— What to produce —
From the line containing "Pendientes aro bañados" to the last line of the data, both included, transcribe each line exactly, leaving out pictures and adding nothing.

Data items:
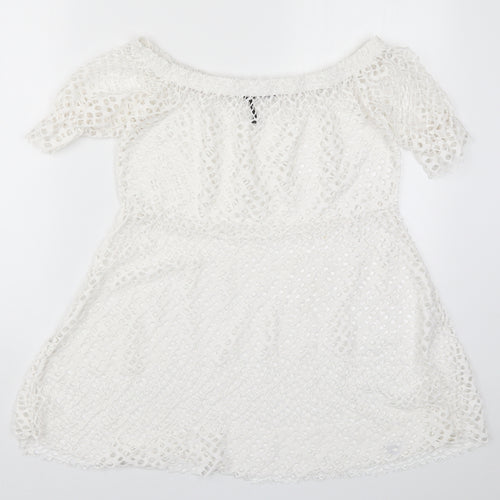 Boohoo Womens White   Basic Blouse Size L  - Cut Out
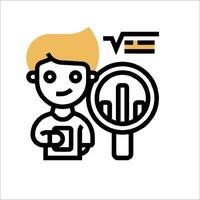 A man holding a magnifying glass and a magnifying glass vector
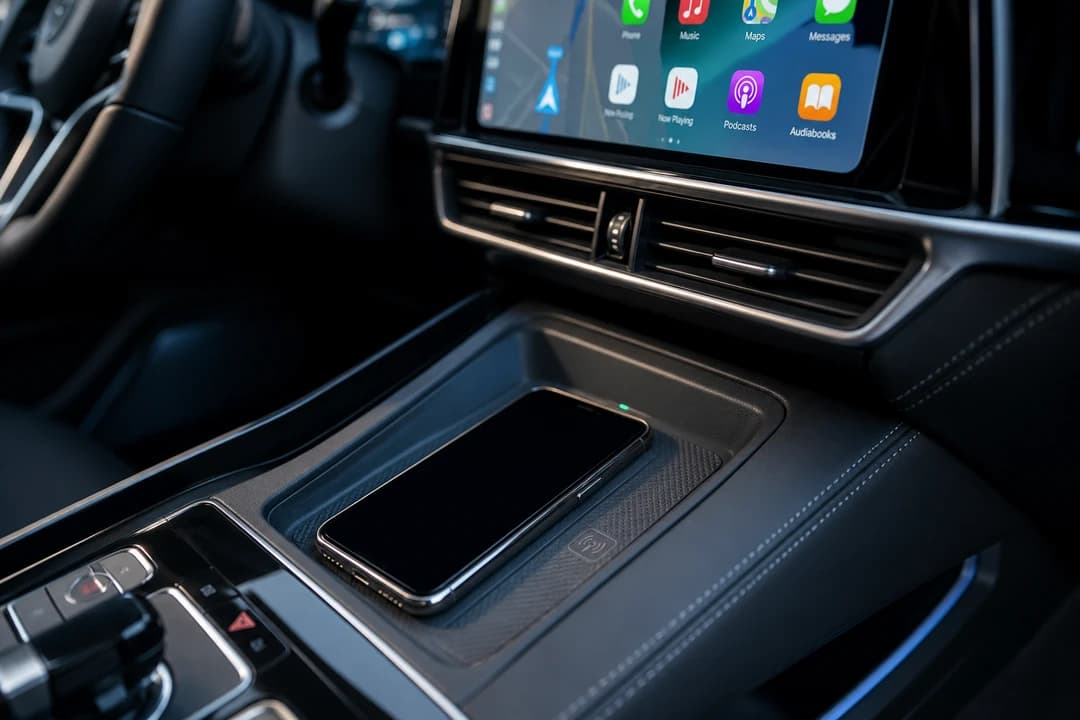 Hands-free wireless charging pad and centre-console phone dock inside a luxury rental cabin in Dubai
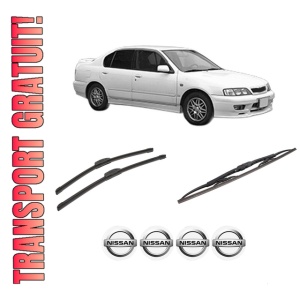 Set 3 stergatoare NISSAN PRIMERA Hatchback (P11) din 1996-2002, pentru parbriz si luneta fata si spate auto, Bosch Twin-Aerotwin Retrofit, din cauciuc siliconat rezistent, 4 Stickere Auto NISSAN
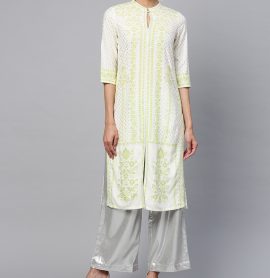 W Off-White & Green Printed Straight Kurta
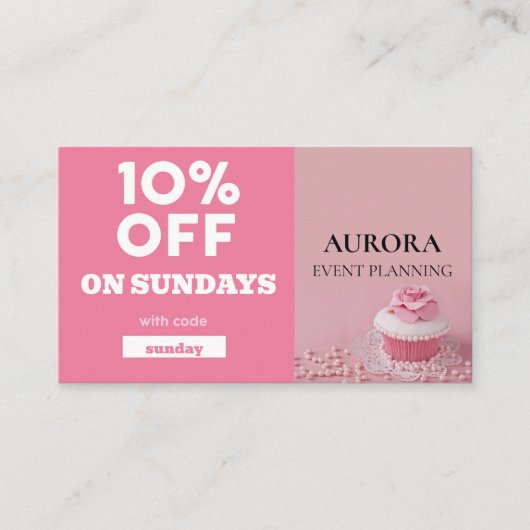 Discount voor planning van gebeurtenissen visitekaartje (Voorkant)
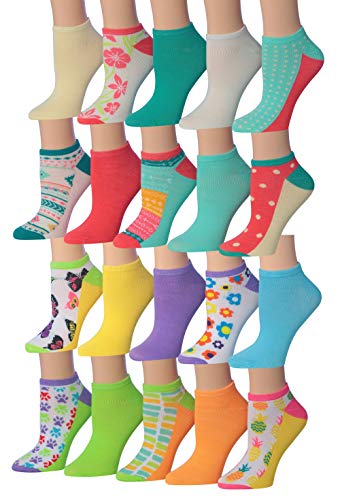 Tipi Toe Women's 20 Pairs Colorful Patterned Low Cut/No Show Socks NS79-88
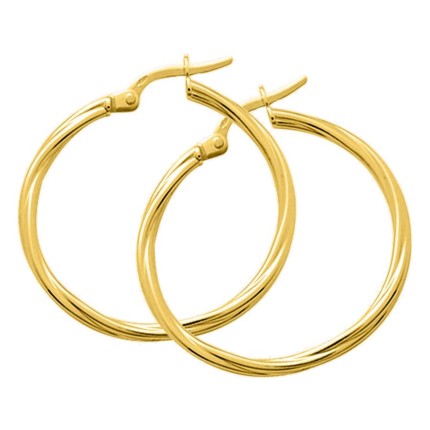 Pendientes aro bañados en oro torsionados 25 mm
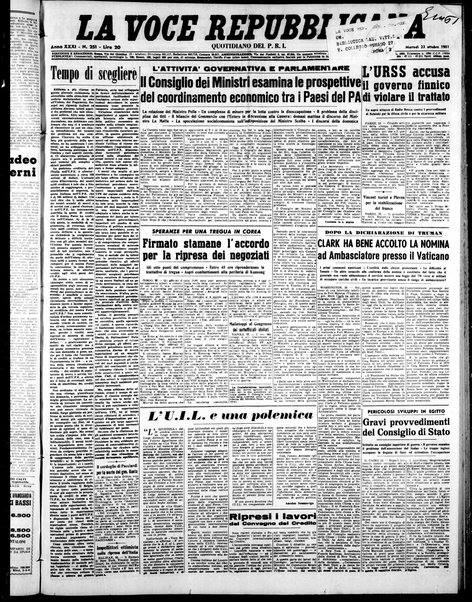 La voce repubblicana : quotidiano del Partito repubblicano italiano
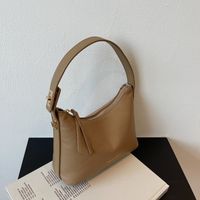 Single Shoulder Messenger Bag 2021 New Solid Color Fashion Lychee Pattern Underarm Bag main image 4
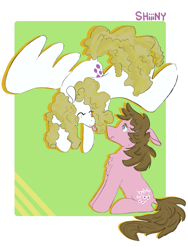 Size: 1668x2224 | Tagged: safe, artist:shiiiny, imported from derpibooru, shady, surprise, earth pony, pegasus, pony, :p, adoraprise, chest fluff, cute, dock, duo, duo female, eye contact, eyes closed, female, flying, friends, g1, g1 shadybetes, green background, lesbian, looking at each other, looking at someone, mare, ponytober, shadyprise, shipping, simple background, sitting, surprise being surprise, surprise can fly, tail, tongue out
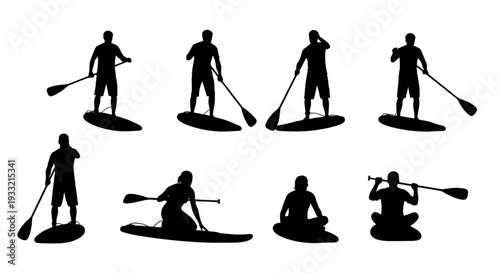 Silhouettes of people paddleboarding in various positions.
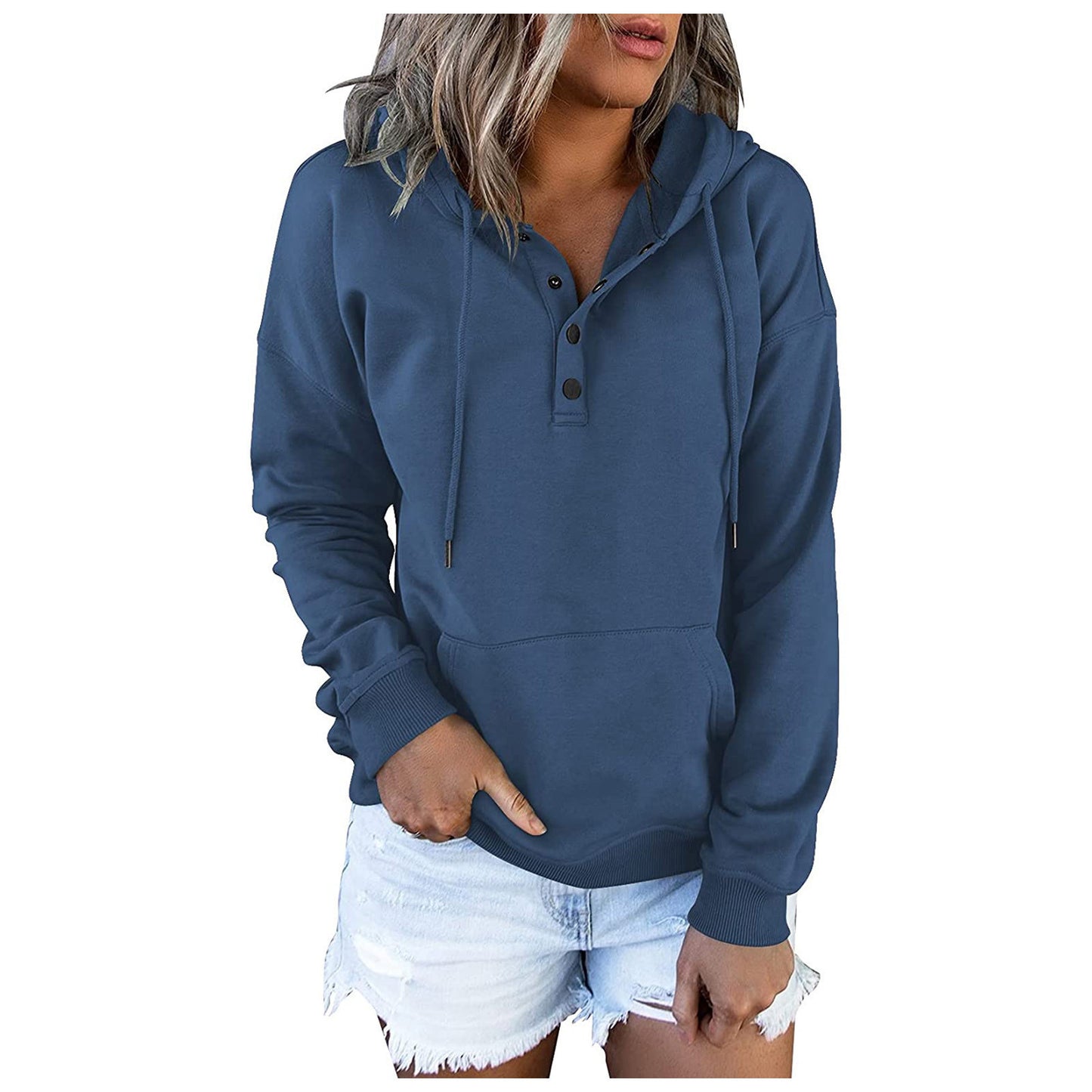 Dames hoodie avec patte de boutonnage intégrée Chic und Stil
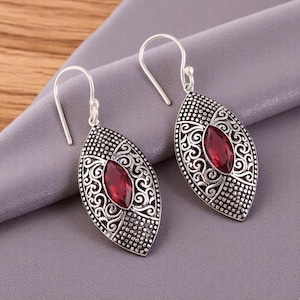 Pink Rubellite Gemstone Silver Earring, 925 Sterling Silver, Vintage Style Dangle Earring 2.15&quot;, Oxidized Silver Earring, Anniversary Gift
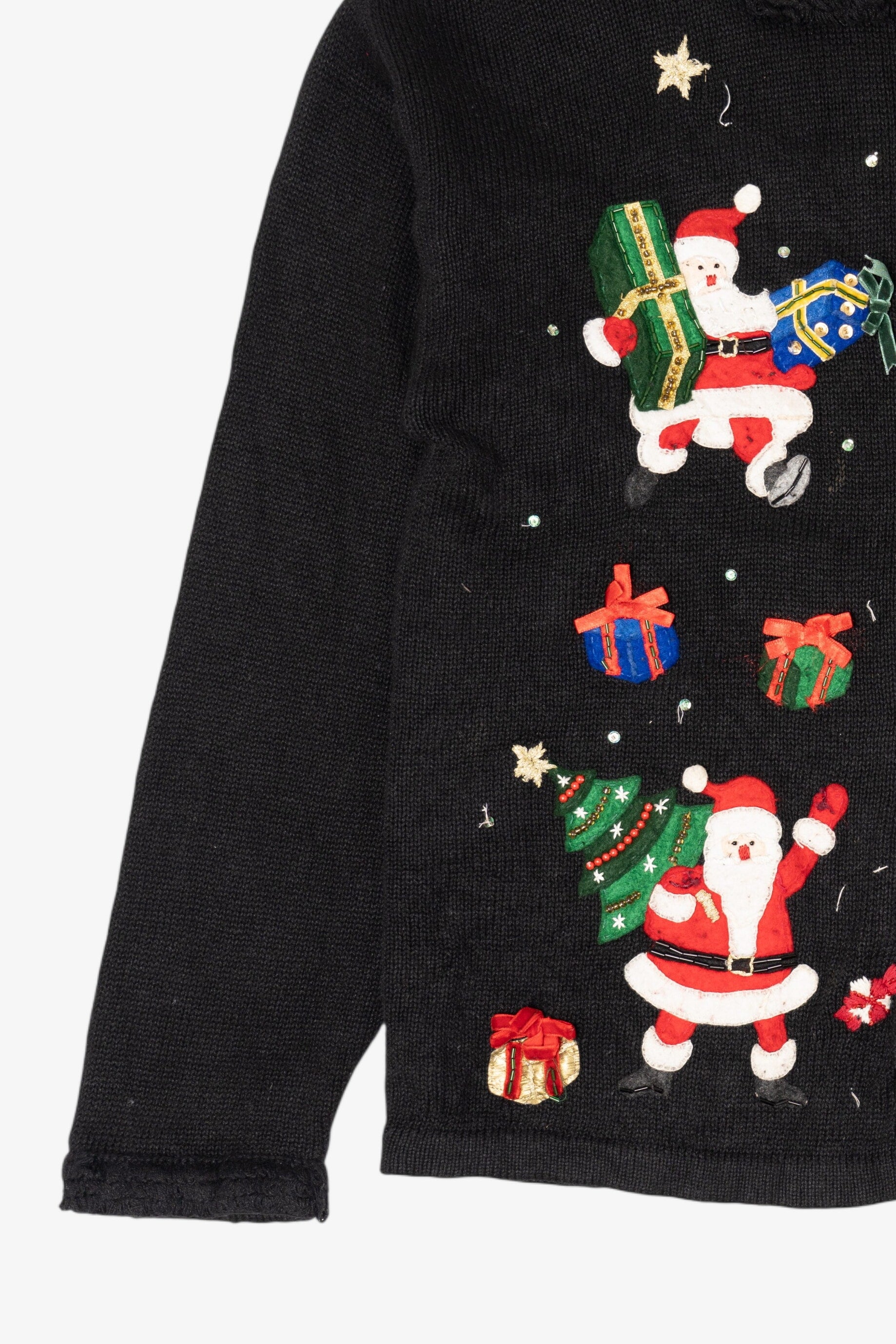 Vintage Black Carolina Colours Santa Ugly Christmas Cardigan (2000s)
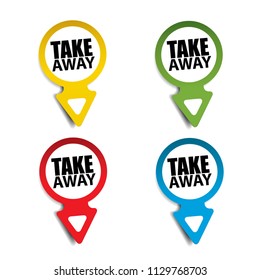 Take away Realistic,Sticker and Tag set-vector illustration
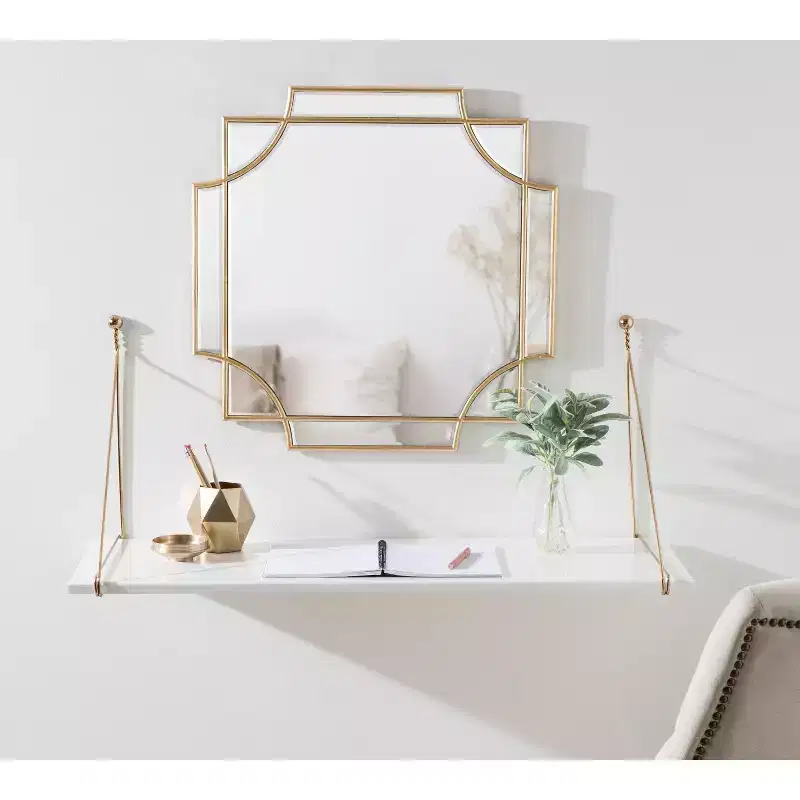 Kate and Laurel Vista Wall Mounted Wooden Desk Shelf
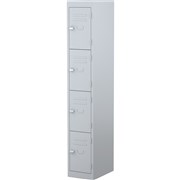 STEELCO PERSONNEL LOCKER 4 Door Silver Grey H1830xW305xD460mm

— Solution to this problem —
 Pendientes aro bañados en oro torsionados 25 mm
 La voce repubblicana : quotidiano del Partito repubblicano italiano
 Single Shoulder Messenger Bag 2021 New Solid Color Fashion Lychee Pattern Underarm Bag main image 4
 Size: 1668x2224 | Tagged: safe, artist:shiiiny, imported from derpibooru, shady, surprise, earth pony, pegasus, pony, :p, adoraprise, chest fluff, cute, dock, duo, duo female, eye contact, eyes closed, female, flying, friends, g1, g1 shadybetes, green background, lesbian, looking at each other, looking at someone, mare, ponytober, shadyprise, shipping, simple background, sitting, surprise being surprise, surprise can fly, tail, tongue out
 Silhouettes of people paddleboarding in various positions.
 Dames hoodie avec patte de boutonnage intégrée Chic und Stil
 Pink Rubellite Gemstone Silver Earring, 925 Sterling Silver, Vintage Style Dangle Earring 2.15&quot;, Oxidized Silver Earring, Anniversary Gift
 Vintage Black Carolina Colours Santa Ugly Christmas Cardigan (2000s)
 Take away Realistic,Sticker and Tag set-vector illustration
 Kate and Laurel Vista Wall Mounted Wooden Desk Shelf
 STEELCO PERSONNEL LOCKER 4 Door Silver Grey H1830xW305xD460mm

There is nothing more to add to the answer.